Chase shrugged. "Tiger may not be a lot of things, but he's polite. Whether they listen to him or whether someone else gets there first is hard to say."

She looked away and back to some of the paper and databooks on one of the shelves. She gestured at them. "I don't remember you being the spiritual type. This is quite a collection of shamanic stuff." She picked up a small bracelet woven from twigs and vine and adorned with stone beads and feathers.

"They belonged to a woman I… knew."

Cara stopped with the bracelet halfway down her hand. She looked at him and then away. "I'm sorry."

"She was killed in an—accident—a few years ago. Like you said before, history." He entered the kitchen area and pulled some glasses down from a rack. "Like a drink? I think it's time we talked about
your
life."

She sat down on one of the soft couches, near where she'd draped her jacket. "Yes, rum slicer, if you know how to make it."

"I do. I take it you're planning to pass out early tonight?"

"Don't play daddy with me, all right? I've already had one man frag that up on me."

Chase worked on the drinks, but glanced up. "Sorry."

She shifted in her seat. "It's all right."

"It sounds cliché, but care to start at the beginning?"

"Sure, just give me a sec."

Chase finished mixing her drink, and his own, and carried them over. He chose a seat near her, but facing. He wanted to be able to see her face. She took the drink and sipped it, licking her lips slightly afterward.

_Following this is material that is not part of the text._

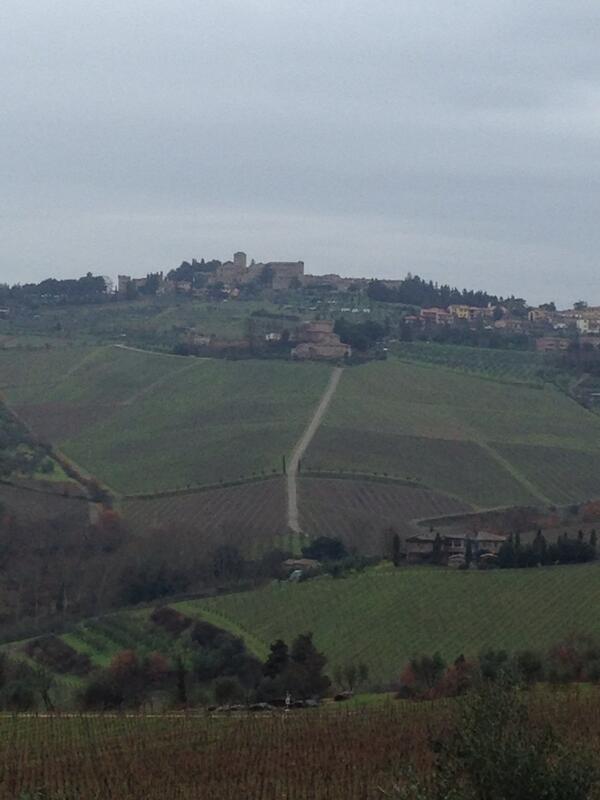#Panzano #Chianti Classico Tasting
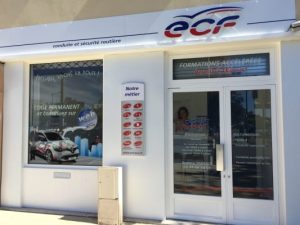 Image de l'auto-école à Canteleu, ECF Yannick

He remembered the series of images of Cara that Lachesis' report had contained. Spaced just about evenly, one image passing per year, he could see how the girl—no, woman—before him had come to be. He could also see it in the data files, the five runaways after he'd left the family's employ, and the last one, four years ago, to the wilds of Europe. She'd honed her independent streak into such a fine instrument that not even her powerful family had dared retrieve her when she ran away for the last time. All the reports revealed Cara Villiers as a young woman who could take care of herself. And yet she was here looking for his help.

She took another sip. "About three years ago I was staying with some members of a German radical student group called Neustimme, New Voice. They were mostly Cunningham socialists and fond of sitting around talking, yelling, and slipping propaganda pieces into national datafaxes.

"At one of their parties, I met a guy named Adler, who was a chummer of one of Neustimme's more raddy members. He was older and very charismatic, in a quiet, powerful way. I thought he was interested in me, but now I think he knew who I was." Her gaze had softened as she spoke, and her eyes and words took on a distant quality.